How Important is Grammar?

In honor of the end of the school year, I decided to break out this old post of mine. I wrote it for my blog a few years ago, and it got a huge response. In the years since, I'm not sure how much my opinion has changed. It seems teaching Grammar is important, but at what age do you stop teaching it and expect kids to know it? So, here we go:

There are often conversations going on regarding someone's pet peeves of incorrect grammar. Everybody has one. Mine is people saying "I could care less" when they mean "I couldn't care less." But I have another argument as well.

Grammar is not important.

Well, I'll back off of that... simple grammar is something everyone should learn young and grasp. But after that, who really cares?
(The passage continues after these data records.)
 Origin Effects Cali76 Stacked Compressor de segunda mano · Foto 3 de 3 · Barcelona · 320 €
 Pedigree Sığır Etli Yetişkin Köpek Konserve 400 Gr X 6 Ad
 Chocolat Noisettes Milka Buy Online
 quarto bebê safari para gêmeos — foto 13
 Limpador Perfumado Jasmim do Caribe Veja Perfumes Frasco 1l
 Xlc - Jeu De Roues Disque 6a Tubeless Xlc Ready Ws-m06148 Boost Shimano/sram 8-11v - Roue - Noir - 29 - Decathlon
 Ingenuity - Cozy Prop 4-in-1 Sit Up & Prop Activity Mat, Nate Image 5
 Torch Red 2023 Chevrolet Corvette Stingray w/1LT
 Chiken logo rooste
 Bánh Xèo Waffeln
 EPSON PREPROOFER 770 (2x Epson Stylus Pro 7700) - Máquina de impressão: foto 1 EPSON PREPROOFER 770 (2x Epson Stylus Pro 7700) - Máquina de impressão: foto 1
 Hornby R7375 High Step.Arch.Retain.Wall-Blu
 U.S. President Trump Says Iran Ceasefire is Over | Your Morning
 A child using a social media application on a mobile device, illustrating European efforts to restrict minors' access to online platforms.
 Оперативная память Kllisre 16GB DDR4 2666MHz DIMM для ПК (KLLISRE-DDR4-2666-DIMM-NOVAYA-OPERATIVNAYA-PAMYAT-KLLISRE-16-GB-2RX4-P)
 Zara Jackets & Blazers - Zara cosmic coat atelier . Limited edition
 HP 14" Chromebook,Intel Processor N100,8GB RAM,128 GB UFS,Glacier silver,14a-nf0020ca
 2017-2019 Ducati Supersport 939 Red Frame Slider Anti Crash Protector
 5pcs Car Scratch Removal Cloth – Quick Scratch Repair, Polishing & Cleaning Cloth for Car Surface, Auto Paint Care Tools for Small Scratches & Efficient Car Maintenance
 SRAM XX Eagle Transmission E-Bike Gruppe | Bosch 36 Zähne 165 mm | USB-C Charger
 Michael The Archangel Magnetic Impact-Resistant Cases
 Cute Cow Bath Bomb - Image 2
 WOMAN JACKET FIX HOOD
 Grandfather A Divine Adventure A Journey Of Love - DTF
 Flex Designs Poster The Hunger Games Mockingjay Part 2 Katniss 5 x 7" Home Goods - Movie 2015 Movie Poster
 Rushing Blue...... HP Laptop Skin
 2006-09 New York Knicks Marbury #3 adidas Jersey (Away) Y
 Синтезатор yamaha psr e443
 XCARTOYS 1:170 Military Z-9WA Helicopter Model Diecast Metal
What is important, and what I stress when I teach, is meaning. A student has to be able to put together an argument or a storyline or a sentence that has meaning. They have to learn how to put together a logical progression and THEN you can go back and fix grammar.

Hell, look at a lot of writing in books these days. People break grammar rules all the time, whether to sound colloquial or to create effect. I understand that you have to understand grammar to break the rules, but grammar should still not be the end all be all of writing.

It should be the least important thing.

National tests these days do not grade on grammar and spelling. They let most errors go as long as it does not affect meaning. Hence, meaning is where we should focus. That's what I work on.

If a story starts:

"Me and you went to the store. Your a giraffe and heads spilld across the road."

I am not going to sit there and help fix the "me and you" and the correct "your" first. I'm going to ask why is there a giraffe in this story, why were there head's spilling across the road, and what does that have to do with the store you went to.

I want to get to the point where someone will write "Me and you went to the store. You bought skittles and I bought a soda."

Then we can go back and fix grammar.

I think people worry about grammar because it's easy to fix. You can--when you edit someone's piece--say well this is wrong and this is wrong and it's easier than saying, but there's a plot hole here on page 202 and I don't know how you can fix it. That involves a back and forth and a conversation.

I'm always willing to talk about writing, be it with students or with other writers. I'm always willing to brainstorm plot ideas and why a paragraph works as a thought. But folks, what it comes down to is this: Whether you are in 8th grade or writing for ten years, most grammatical errors can be fixed by just reading your sentence out loud.

Meaning, however, takes work.

What do you think?

FOR THE RECORD: This is in no way an attempt to trash teachers. I am a teacher and I believe in teachers. All teachers want to make students smarter and more well rounded young men and woman.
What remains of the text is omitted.